Studying Early Printed Books, 1450-1800 by Sarah Werner

Studying Early Printed Books, 1450-1800 by Sarah Werner

Author:Sarah Werner [Werner, Sarah]
Language: eng
Format: epub
ISBN: 9781119049951
Publisher: Wiley
Published: 2018-12-03T00:00:00+00:00


Signature marks

Signature marks indicate the order of sheets and their leaves. If a book is to be made up of eight sheets in a quarto imposition, then each sheet is marked to indicate its place in the order so they are assembled in the correct order. The most frequently used indication of order is the 23‐letter Latin alphabet (A to Z, omitting either I or J, either U or V, and W; see “Alphabet” in this part for more detail). If it is a long book, the series might have to be run through multiple times, with A–Z followed by AA–ZZ, AAA–ZZZ, etc. (In the 18th century, English printers often represented such signatures as 2A, 3A, etc., a practice that is usually used by bibliographers today.) Because the preliminaries of a book were usually printed last, they were often signed differently. If the main text began with a gathering signed “A,” then the preliminaries might be signed “a” or with symbols like “*” or “¶.”
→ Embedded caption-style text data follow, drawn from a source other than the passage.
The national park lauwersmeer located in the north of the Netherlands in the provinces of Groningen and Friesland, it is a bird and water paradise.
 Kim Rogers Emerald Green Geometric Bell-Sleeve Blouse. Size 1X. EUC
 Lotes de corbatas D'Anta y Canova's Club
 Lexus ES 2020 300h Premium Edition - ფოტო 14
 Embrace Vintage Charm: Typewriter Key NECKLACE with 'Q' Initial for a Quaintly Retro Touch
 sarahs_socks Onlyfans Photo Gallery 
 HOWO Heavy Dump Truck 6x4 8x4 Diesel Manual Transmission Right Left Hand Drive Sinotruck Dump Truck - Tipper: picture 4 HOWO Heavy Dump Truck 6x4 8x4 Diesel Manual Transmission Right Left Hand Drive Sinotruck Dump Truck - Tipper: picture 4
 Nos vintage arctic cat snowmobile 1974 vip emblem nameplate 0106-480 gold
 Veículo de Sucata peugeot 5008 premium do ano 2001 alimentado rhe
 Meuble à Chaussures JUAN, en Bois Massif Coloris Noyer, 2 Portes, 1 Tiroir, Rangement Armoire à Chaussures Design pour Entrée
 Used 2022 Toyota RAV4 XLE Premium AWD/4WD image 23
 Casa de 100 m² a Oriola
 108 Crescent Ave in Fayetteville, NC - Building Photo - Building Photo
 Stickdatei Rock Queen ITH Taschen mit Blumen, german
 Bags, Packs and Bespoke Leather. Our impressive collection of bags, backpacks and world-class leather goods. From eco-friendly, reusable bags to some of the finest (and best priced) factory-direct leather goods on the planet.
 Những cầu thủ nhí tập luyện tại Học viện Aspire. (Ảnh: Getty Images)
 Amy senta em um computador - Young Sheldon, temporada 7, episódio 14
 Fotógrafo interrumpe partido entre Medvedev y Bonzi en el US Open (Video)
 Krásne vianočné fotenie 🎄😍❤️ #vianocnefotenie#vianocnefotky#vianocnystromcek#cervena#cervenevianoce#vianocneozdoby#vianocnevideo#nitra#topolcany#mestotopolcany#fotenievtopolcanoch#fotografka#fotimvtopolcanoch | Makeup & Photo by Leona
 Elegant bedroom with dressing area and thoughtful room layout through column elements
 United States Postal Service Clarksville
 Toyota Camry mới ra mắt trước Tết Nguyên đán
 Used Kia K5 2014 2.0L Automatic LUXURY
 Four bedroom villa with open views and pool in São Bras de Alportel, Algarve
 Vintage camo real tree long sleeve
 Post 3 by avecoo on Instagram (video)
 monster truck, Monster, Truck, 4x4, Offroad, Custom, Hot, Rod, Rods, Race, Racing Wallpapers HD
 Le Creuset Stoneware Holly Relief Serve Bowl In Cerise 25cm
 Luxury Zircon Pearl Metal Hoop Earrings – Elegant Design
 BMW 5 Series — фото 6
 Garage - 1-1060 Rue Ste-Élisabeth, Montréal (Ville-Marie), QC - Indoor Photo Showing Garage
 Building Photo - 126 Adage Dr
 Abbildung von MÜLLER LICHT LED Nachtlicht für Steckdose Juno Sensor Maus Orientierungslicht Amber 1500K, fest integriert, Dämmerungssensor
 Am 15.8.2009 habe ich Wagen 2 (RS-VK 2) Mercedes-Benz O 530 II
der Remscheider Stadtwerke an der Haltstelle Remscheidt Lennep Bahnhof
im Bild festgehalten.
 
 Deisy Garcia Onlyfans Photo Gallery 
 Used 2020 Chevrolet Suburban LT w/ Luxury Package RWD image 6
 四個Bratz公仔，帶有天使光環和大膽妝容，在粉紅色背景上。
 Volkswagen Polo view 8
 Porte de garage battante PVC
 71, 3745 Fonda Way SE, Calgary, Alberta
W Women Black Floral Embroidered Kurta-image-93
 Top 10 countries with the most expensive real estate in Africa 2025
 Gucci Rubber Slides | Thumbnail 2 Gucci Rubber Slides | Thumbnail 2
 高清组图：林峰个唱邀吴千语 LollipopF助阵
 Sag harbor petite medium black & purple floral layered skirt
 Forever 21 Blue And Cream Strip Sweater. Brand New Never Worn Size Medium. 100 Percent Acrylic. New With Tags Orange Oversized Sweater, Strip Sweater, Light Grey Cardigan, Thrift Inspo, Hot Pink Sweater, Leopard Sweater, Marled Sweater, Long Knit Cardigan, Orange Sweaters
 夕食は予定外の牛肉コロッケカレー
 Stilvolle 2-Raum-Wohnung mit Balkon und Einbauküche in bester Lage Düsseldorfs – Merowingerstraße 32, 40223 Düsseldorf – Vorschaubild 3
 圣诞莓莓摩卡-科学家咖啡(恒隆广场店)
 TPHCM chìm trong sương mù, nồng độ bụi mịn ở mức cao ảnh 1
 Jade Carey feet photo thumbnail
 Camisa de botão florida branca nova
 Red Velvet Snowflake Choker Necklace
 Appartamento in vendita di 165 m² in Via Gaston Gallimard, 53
Not only did the sheets need to be gathered in the correct order, they needed to folded so that the leaves were in the correct sequence. And so in addition to indicating the gathering order, signature marks also indicate the sequence of leaves with either arabic or roman numerals. For our hypothetical quarto, you’ll need to know, at a minimum, which are the first and second leaves so that you can fold the sheet correctly; for an octavo, you’ll need to know the first, second, third, and fourth leaves. (In both, once you have the first half of the leaves in the correct order, the remaining leaves fall into place.)

We tend, today, to use signature marks primarily as page numbers—a way of identifying what page or leaf we are looking at. If, for instance, I was working with an English book in which a poem appeared on the fourth page of the main text, I would identify that as “sig. B2v”: it’s in the “B” gathering on the second leaf on the verso side. (The two sides of a leaf are described as its “recto” and its “verso”—the front and back.) Even if a leaf isn’t signed (that is, printed with a signature mark) you can still identify it this way—just count forward from the last printed signature and you’ll work out which leaf it is.

While we focus on signature marks as a method of location within a book, they can also identify where a work was printed. Although signature marks all follow the same basic formula of identifying gathering and leaf, within that basic structure are variations. Are leaf numbers indicated with roman or arabic numerals? Are the preliminaries signed with letters of the alphabet or with symbols? Is the first half of the gathering’s leaves signed or the first half plus one?

In 1966, R. A. Sayce published the results of his examination of over 2,800 books printed in 10 different countries, an effort to determine whether compositors followed local practices in signing books printed between 1530 and 1800.